■ To do ■
In the material below, find the line containing "Microsoft Excel Basics" and the line containing "Hovedbilde Self Rinse", then reproduce exactly both of them and every line between, and nothing else.

BEGIN

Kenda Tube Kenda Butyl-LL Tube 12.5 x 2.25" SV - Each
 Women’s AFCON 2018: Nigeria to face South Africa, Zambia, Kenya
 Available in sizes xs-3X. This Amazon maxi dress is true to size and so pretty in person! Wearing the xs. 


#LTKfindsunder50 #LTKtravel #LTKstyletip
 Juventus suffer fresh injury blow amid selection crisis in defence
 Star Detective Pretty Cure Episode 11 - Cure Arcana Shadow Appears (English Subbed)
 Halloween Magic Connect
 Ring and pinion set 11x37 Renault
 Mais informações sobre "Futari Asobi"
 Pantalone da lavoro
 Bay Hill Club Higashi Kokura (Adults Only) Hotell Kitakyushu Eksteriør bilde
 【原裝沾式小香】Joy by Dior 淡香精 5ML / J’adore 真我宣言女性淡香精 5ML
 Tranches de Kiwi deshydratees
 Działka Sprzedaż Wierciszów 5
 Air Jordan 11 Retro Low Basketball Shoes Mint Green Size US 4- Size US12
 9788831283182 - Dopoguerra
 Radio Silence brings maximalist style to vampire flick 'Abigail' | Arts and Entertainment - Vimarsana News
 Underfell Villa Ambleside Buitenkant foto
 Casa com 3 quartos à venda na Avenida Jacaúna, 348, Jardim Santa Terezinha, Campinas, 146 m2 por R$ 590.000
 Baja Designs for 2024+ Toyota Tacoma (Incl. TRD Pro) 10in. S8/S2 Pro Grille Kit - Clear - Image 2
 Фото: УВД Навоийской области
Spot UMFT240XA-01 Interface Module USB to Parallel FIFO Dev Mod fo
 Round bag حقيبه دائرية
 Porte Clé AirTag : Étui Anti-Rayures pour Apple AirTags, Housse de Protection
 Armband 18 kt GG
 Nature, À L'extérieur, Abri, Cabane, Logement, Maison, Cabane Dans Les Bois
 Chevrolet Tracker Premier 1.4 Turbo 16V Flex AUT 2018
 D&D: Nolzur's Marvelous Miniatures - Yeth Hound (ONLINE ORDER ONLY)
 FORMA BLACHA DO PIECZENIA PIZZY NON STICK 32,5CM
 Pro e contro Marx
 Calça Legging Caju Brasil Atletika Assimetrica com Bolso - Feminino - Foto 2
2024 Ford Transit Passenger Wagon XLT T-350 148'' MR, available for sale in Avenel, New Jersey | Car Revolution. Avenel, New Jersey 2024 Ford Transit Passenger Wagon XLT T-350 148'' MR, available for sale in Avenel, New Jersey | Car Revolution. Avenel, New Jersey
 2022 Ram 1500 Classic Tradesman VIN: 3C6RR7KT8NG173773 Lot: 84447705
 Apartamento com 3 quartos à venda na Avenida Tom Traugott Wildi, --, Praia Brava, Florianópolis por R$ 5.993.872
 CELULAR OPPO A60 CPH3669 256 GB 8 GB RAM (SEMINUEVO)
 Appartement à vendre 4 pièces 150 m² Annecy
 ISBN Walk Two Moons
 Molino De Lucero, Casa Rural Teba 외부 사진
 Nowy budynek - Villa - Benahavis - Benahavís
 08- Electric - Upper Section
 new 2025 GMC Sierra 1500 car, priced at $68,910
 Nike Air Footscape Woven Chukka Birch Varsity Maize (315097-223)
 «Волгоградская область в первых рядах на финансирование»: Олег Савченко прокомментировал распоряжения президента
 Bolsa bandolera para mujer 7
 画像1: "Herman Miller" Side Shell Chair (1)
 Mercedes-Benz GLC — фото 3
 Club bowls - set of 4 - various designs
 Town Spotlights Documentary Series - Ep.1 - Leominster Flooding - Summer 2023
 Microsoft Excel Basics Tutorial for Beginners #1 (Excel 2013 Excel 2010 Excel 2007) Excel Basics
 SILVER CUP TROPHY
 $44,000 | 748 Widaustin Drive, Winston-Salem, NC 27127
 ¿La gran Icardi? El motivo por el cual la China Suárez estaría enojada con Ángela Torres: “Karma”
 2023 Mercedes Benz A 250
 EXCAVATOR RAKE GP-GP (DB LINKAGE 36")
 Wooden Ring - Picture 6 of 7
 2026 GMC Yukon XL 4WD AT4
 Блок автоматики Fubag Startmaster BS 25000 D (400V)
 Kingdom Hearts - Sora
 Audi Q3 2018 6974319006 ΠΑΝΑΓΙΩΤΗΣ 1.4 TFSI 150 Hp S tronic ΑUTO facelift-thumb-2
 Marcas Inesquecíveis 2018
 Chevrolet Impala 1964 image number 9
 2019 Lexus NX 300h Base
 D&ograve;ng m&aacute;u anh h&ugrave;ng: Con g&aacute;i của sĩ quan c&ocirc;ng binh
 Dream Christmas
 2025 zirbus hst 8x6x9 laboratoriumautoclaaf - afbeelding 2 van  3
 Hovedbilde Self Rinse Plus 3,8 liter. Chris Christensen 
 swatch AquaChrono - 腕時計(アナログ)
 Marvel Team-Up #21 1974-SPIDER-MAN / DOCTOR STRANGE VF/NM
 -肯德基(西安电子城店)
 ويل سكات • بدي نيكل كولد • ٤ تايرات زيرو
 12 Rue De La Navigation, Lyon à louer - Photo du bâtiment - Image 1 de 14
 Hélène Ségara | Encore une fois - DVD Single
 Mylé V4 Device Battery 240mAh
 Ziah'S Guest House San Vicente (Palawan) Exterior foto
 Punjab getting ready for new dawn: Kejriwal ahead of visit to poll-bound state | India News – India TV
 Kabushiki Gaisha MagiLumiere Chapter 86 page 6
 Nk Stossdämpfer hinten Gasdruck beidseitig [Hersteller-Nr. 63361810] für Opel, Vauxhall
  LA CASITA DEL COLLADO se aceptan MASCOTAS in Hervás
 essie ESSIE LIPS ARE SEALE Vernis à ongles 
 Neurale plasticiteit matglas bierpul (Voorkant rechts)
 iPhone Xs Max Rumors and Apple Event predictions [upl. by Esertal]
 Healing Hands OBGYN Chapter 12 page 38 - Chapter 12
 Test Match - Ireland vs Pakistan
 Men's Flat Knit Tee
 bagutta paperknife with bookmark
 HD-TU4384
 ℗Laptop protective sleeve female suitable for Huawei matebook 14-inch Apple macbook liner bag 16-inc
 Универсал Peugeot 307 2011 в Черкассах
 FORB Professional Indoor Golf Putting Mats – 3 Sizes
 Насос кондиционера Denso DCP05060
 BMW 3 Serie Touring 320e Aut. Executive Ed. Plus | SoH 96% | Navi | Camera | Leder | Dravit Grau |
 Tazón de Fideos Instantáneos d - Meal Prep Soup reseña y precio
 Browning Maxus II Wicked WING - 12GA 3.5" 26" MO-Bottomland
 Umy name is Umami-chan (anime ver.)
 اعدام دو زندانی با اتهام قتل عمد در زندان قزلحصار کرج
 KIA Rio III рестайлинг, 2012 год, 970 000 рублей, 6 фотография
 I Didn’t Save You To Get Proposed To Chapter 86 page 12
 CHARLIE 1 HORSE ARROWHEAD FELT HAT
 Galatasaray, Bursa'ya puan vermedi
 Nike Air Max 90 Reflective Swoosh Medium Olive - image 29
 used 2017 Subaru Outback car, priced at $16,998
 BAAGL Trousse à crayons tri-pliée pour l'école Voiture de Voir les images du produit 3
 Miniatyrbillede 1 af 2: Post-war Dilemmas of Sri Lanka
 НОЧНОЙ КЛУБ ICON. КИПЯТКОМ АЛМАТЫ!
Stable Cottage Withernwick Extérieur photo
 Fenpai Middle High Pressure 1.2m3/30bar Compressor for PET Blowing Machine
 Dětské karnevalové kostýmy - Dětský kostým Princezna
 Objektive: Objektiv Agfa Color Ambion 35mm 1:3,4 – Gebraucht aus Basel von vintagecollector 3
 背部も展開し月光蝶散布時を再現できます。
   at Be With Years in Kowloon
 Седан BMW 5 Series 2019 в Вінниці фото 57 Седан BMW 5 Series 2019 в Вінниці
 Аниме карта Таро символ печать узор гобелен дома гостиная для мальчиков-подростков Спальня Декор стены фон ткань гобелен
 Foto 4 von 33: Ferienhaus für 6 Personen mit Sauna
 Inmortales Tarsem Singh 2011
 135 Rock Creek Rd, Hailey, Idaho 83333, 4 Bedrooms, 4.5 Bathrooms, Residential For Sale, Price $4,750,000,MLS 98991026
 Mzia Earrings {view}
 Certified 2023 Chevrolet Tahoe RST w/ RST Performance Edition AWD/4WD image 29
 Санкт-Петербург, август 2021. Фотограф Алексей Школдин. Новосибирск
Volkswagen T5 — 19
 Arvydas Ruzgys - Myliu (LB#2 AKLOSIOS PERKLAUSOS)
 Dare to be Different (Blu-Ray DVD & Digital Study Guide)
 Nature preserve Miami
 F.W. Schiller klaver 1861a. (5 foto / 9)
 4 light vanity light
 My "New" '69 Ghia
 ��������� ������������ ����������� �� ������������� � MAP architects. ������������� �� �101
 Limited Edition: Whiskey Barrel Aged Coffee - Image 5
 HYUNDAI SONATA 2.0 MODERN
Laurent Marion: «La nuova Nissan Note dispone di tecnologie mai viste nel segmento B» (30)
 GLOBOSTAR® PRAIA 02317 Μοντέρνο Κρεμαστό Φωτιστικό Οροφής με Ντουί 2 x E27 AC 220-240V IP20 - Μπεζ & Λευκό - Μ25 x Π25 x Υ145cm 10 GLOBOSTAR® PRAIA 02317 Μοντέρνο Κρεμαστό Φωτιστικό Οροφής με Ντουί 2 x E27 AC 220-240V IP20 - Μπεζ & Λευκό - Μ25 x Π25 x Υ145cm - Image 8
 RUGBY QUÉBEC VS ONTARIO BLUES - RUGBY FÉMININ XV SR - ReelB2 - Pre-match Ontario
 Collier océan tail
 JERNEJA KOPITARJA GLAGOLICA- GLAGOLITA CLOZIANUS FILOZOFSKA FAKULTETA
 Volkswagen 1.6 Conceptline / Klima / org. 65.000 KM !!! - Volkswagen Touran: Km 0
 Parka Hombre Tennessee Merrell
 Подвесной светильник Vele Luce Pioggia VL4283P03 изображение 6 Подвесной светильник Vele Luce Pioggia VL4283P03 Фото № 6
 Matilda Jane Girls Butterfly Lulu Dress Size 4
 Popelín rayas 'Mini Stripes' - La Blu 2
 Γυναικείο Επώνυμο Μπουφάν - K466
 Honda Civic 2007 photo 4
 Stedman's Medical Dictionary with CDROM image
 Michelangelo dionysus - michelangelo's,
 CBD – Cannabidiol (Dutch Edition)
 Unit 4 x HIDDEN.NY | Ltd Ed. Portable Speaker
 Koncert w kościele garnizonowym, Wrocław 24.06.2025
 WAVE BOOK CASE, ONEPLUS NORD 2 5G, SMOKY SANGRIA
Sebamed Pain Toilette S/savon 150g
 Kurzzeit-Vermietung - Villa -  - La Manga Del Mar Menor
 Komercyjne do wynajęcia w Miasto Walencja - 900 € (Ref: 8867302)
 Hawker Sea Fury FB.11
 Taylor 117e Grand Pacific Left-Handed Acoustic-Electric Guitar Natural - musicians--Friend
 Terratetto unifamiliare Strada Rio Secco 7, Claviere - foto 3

END

■ Expected answer ■
 Microsoft Excel Basics Tutorial for Beginners #1 (Excel 2013 Excel 2010 Excel 2007) Excel Basics
 SILVER CUP TROPHY
 $44,000 | 748 Widaustin Drive, Winston-Salem, NC 27127
 ¿La gran Icardi? El motivo por el cual la China Suárez estaría enojada con Ángela Torres: “Karma”
 2023 Mercedes Benz A 250
 EXCAVATOR RAKE GP-GP (DB LINKAGE 36")
 Wooden Ring - Picture 6 of 7
 2026 GMC Yukon XL 4WD AT4
 Блок автоматики Fubag Startmaster BS 25000 D (400V)
 Kingdom Hearts - Sora
 Audi Q3 2018 6974319006 ΠΑΝΑΓΙΩΤΗΣ 1.4 TFSI 150 Hp S tronic ΑUTO facelift-thumb-2
 Marcas Inesquecíveis 2018
 Chevrolet Impala 1964 image number 9
 2019 Lexus NX 300h Base
 D&ograve;ng m&aacute;u anh h&ugrave;ng: Con g&aacute;i của sĩ quan c&ocirc;ng binh
 Dream Christmas
 2025 zirbus hst 8x6x9 laboratoriumautoclaaf - afbeelding 2 van  3
 Hovedbilde Self Rinse Plus 3,8 liter. Chris Christensen 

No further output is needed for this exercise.